Members of the St Charles College Choir

On 11 November people all around the world observe Remembrance Day. Remembrance Day is a day to honour the sacrifices of members of the armed forces and civilians in times of war. In solidarity, St Charles College has continued in this custom, setting aside time to remember and honour the fallen.

We had the privileged of having members of the SA Legion and Natal Carbineers join us and lay a wreath. Pinned to each individual’s blazer was a poppy. The poppy has become the emblem of Remembrance Day. It was chosen because of the poppies that bloomed across some of the worst battlefields of Flanders in Western Belgium in World War I, immortalized in the poem by Lieutenant Colonel John McCrae – ‘In Flanders Field’. Their distinctive red colour has become an appropriate symbol for the bloodshed in trench warfare.

Our newly elected Head Boy, Sanele Mdingi, addressed the Chapel regarding the significance of the day and the sacrifice of the brave men and women around the world who gave their lives in war. These individuals were willing to stand for what was right, often in the face of extreme oppression and injustice, willing to sacrifice much, in some cases the ultimate sacrifice of their lives. The challenge was then issued. We too may be called on to sacrifice, perhaps not in war, but in the daily routine of life. These sacrifices will not be dependent on our colour, culture or age but the character we have as individuals.
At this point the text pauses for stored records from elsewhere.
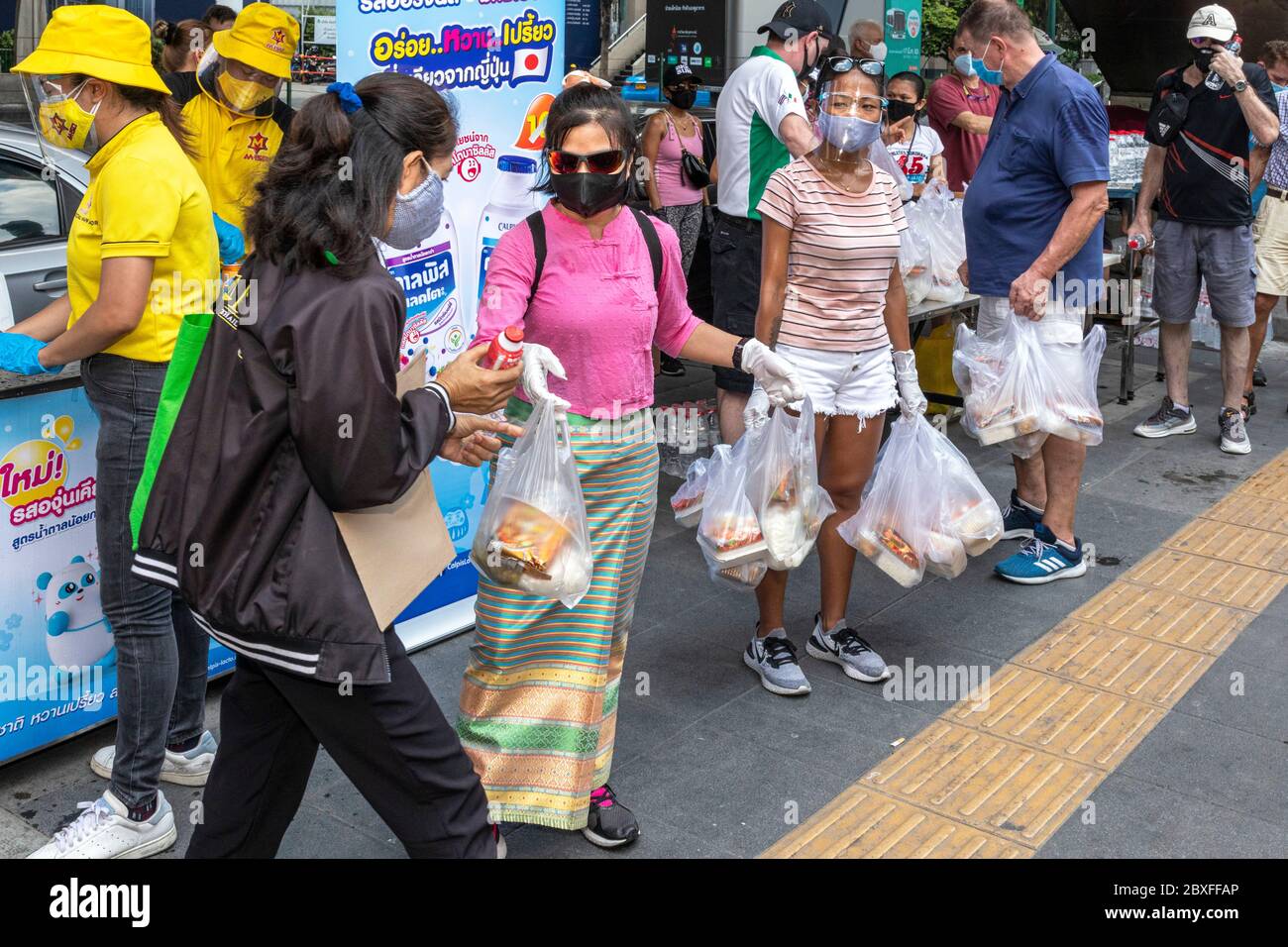 Volontari con maschera facciale e guanti che danno fuori cibo gratuito presso la banca alimentare durante la pandemia di Covid, Bangkok, Thailandia Foto Stock
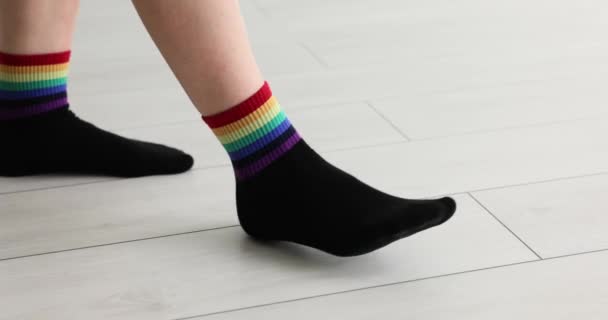 装飾されたLgbtの旗を持つ靴下の女性が床を歩いています 性的マイノリティーを支援するデモ — ストック動画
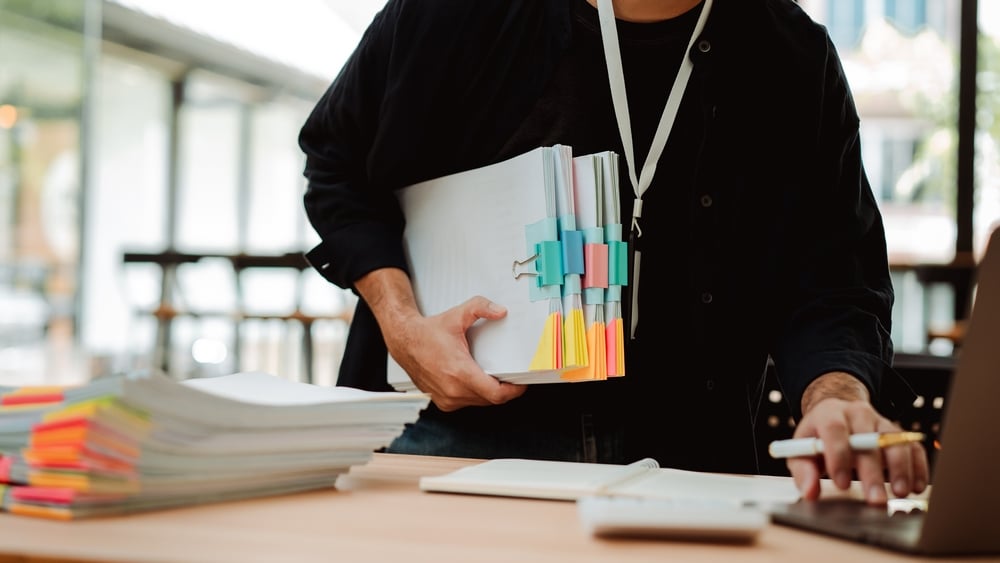 Person med stor bunke dokumentmapper merket med fargerike klistrelapper, jobber på en laptop ved skrivebord fullt av papirarbeid i et moderne kontormiljø.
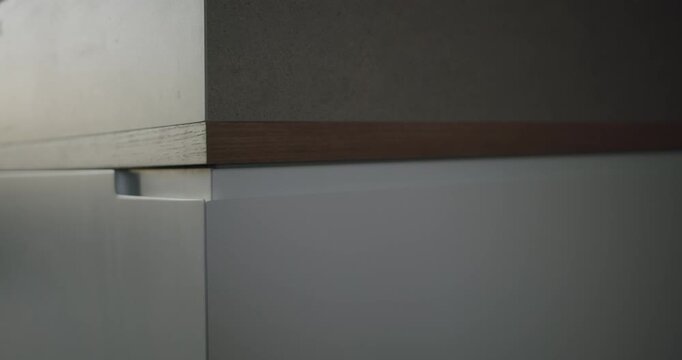 Close-up of minimalist white kitchen cabinets with a concrete countertop and light wooden trim. The smooth surfaces and simple design create a modern and sleek aesthetic. contemporary kitchen design.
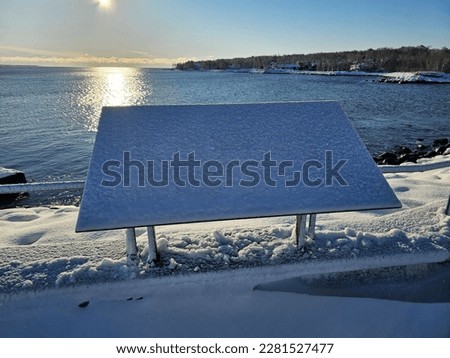 An information sign along the water that is covered in snow.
Where will our character be put to the test? Will we stand against injustice? Will we be a voice for those who have none? Will we lay down our ambitions and time for others? In John 15:13 Jesus said, “There is no greater love than to lay down one’s life for one’s friends.” Jesus ultimately sacrificed His life for each of us; truly a challenge as we consider the great need in South Africa and across the globe.
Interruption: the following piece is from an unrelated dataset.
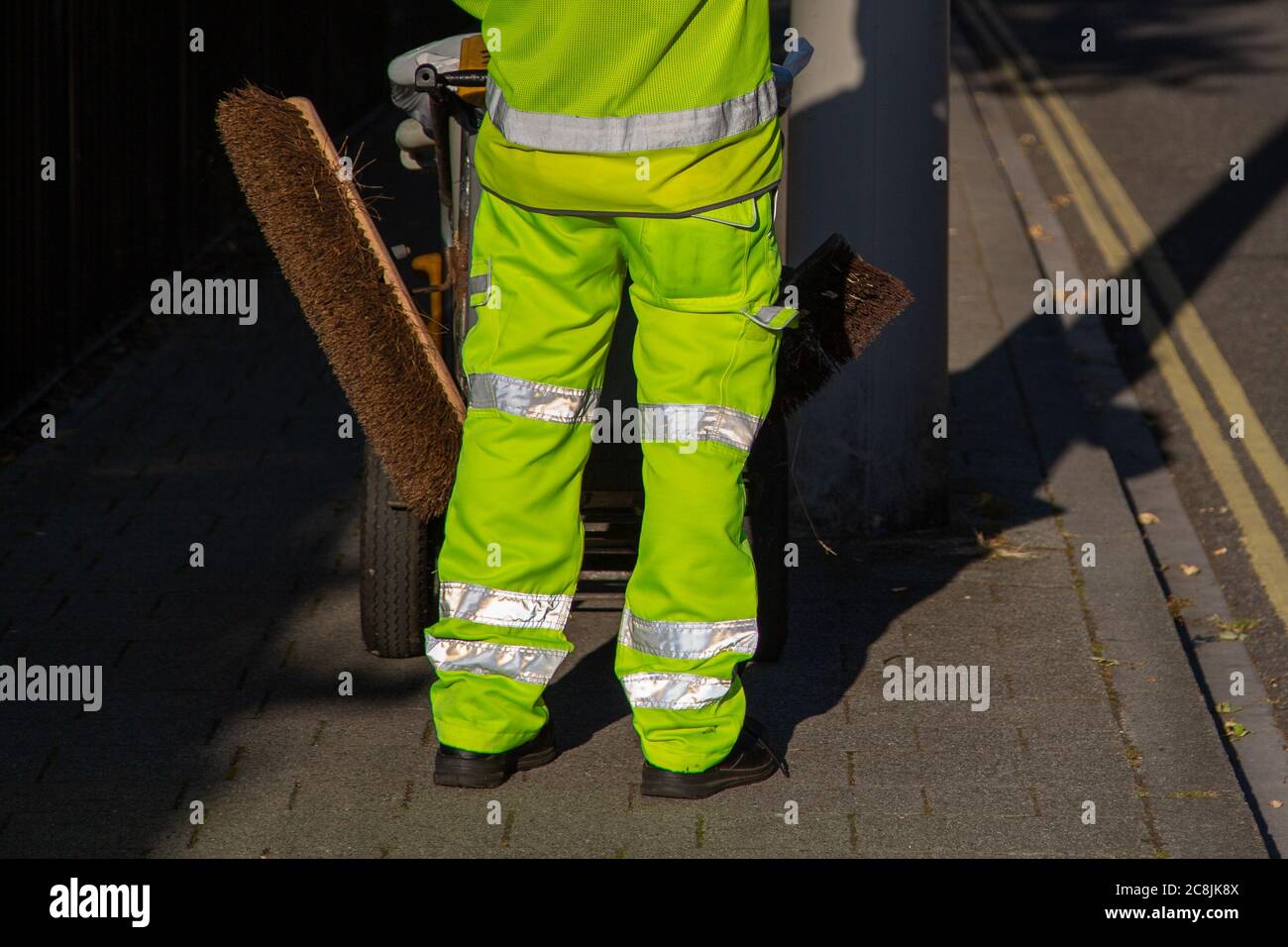 A road sweeper sweeping the street wearing high visibility trousers Stock Photo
At occasions such as these two bugle calls are played, ‘The Last post’ and ‘The Reveille’. The Last post is a call to remember those who have been killed in war, while ‘The Reveille’ marks the beginning of each day to wake up soldiers. The two tunes symbolize sunset and sunrise respectively, and in the context of this occasion they symbolize death but more importantly a promise of resurrection.
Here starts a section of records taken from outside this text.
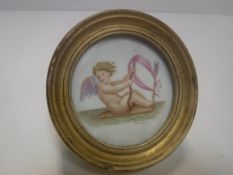 J THORLEY "Cherub", watercolour on porcelain back, signed lower right, image including frame 9.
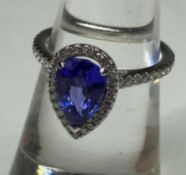 TANZANITE & DIAMOND PEAR SHAPED CLUSTER RING, central tanzanite approx. 2.10cts, bordered with
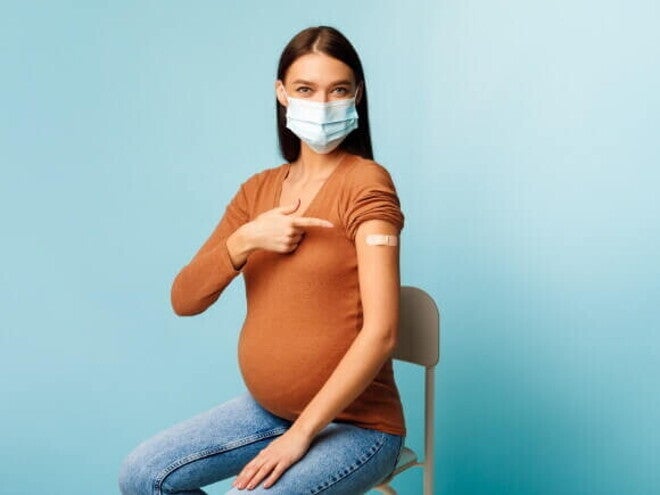 Mulher grávida com máscara apontando para o curativo no braço após receber uma das vacinas e gravidez recomendadas, simbolizando a proteção durante a gestação.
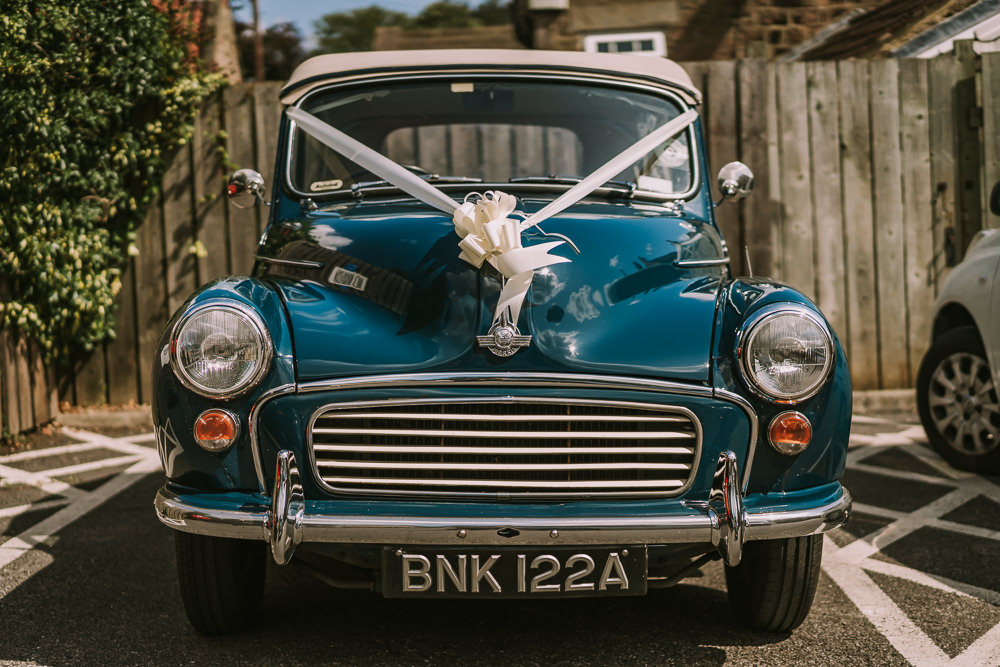 Car Transport Classic Morris Minor Crafty Village Hall Wedding Dot and Scolly Photography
The school Choir sang a rousing rendition of Jake Runestad’s composition, ‘Let my love be heard’ along with a Khaya Mthethwa medley. After the service, guests joined outside for the releasing of doves, symbolizing the release of our loved ones. This capped a meaningful Remembrance Day service for St Charles College. – Mr Ross Ducasse (St Charles College Chaplain)

The 2020 St Charles College head boy, Sanele Mdingi, with his deputies.